The sad outcome could have been prevented if Dad had updated his will to reflect his new circumstances. He also could have taken the proceeds from the house and business out of his estate by placing them in a trust for his sons.
5. Disinheritance by misunderstanding survivorship
Fewer assets are passing through probate today because of the increased use of various forms of survivorship, such as transfer upon death and pay on death instruments. It becomes particularly tricky when we are trying to treat children equitably.
Here's an example of an unintended snafu: Let's say a farmer had two sons and early on decided to disinherit the wastrel one. Years pass, during which the father established pay on death and survivorship deeds in the good son's name. Then the prodigal son returns to the bosom of the family. The father rewrites his will leaving equal shares of his estate to each son. But upon his death, the shares won't be equal, as the survivorship instruments will dump a disproportionate, unintended inheritance into the good son's lap.
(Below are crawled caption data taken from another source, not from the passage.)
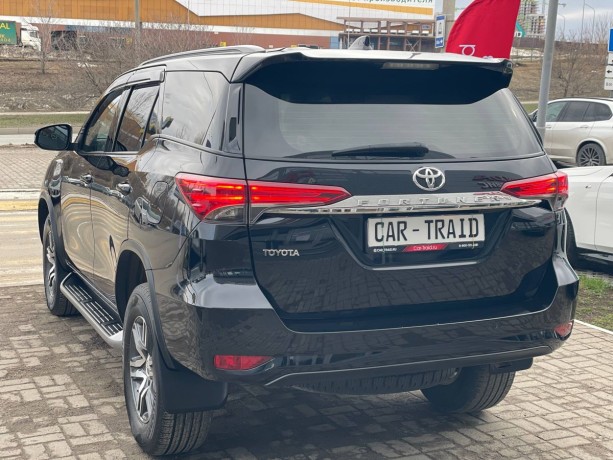 toyota-fortuner-28-l-2018-g-big-6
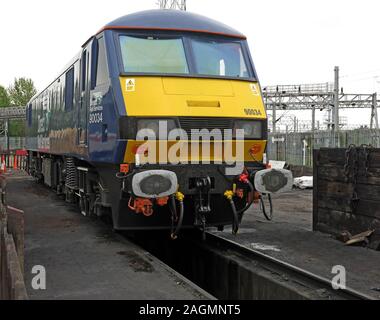 DB cargo rail class 90 electric locomotive 90028 at London Kings Cross ...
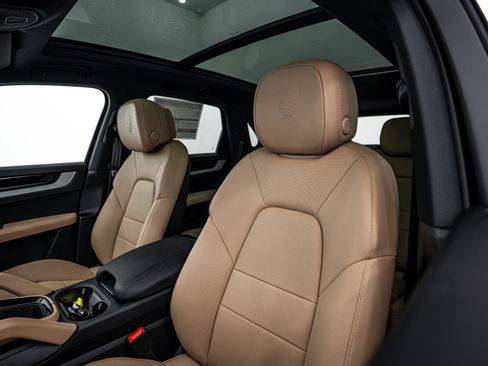Certified 2026 Porsche Cayenne AWD/4WD image 20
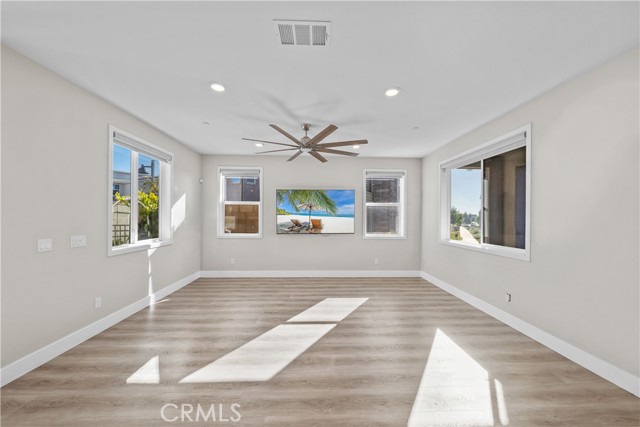 Detail Gallery Image 4 of 56 For 124 Zawn, Irvine,  CA 92618 - 4 Beds | 4/1 Baths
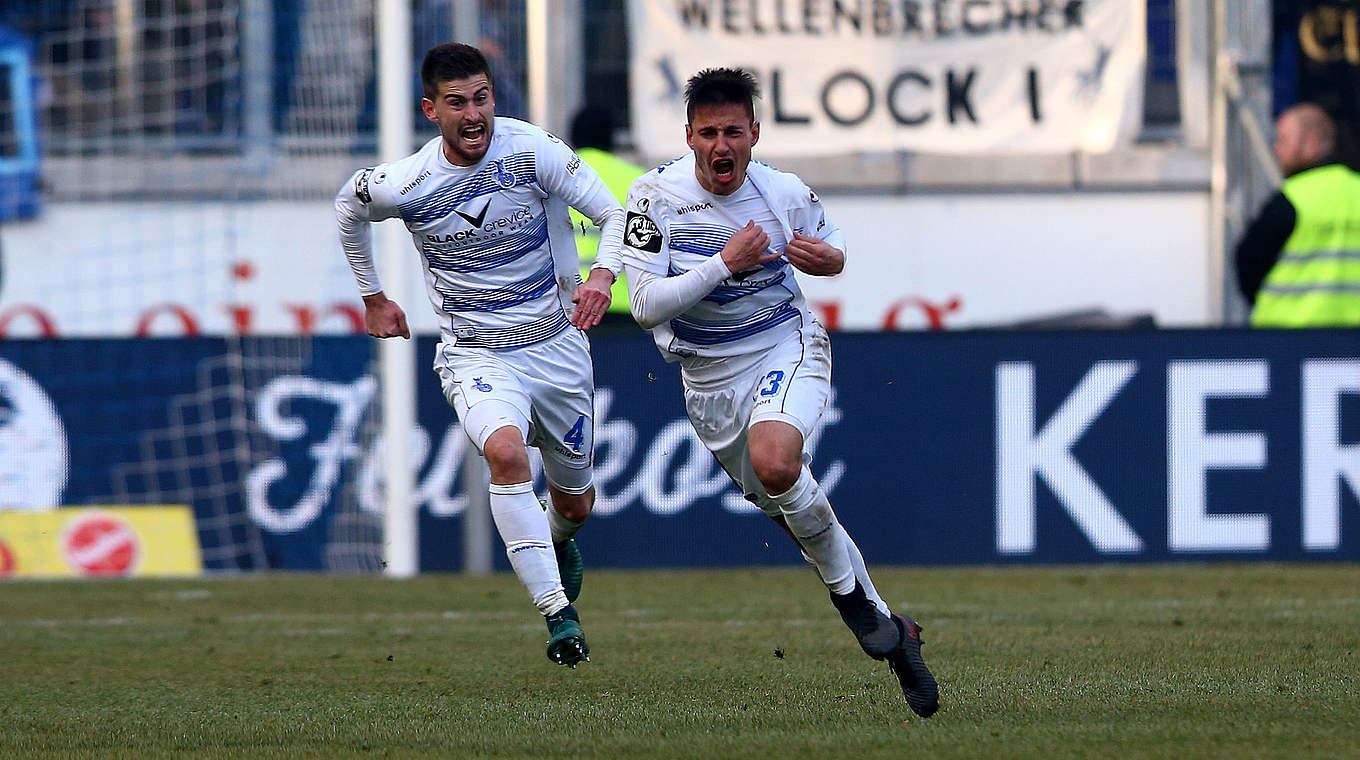 Avanciert bei Primus MSV Duisburg zum Torjäger: Innenverteidiger Dustin Bomheuer (l.) © 2017 Getty Images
That's because a will does not supercede survivorship, transfer upon death and pay-on-death instruments.
"One of the biggest forms of accidental disinheritance today is the split of assets between wills and trusts and survivorship forms," says Adams. "When they want to make a change later on, the will can't touch those assets because they put them in survivorships. Now it's a slippery slope to categorize those things."
6. Disinheritance by mirror-image wills
Sometimes when married people prepare their wills, the attorney will draft one and simply generate a mirror image in the other spouse's name. It's logical when they both want the same thing to happen after they're gone. But trouble can arise when one spouse dies and the other does not update their will.